§ **Problem details**
Would you please copy every line from the records that contains the word "Table"?

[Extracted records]
>>>>>
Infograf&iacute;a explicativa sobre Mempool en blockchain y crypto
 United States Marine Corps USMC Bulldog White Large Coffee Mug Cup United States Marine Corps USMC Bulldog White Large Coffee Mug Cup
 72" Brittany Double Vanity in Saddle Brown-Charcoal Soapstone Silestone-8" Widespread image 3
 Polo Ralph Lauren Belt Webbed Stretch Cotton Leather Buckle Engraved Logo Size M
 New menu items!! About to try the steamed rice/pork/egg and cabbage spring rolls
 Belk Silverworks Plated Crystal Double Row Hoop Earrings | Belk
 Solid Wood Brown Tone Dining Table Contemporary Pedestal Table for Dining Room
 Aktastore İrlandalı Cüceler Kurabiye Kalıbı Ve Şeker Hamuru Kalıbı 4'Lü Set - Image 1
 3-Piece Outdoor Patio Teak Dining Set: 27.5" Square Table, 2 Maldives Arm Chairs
<<<<<
§ **Result of this exercise**
 Solid Wood Brown Tone Dining Table Contemporary Pedestal Table for Dining Room
 3-Piece Outdoor Patio Teak Dining Set: 27.5" Square Table, 2 Maldives Arm Chairs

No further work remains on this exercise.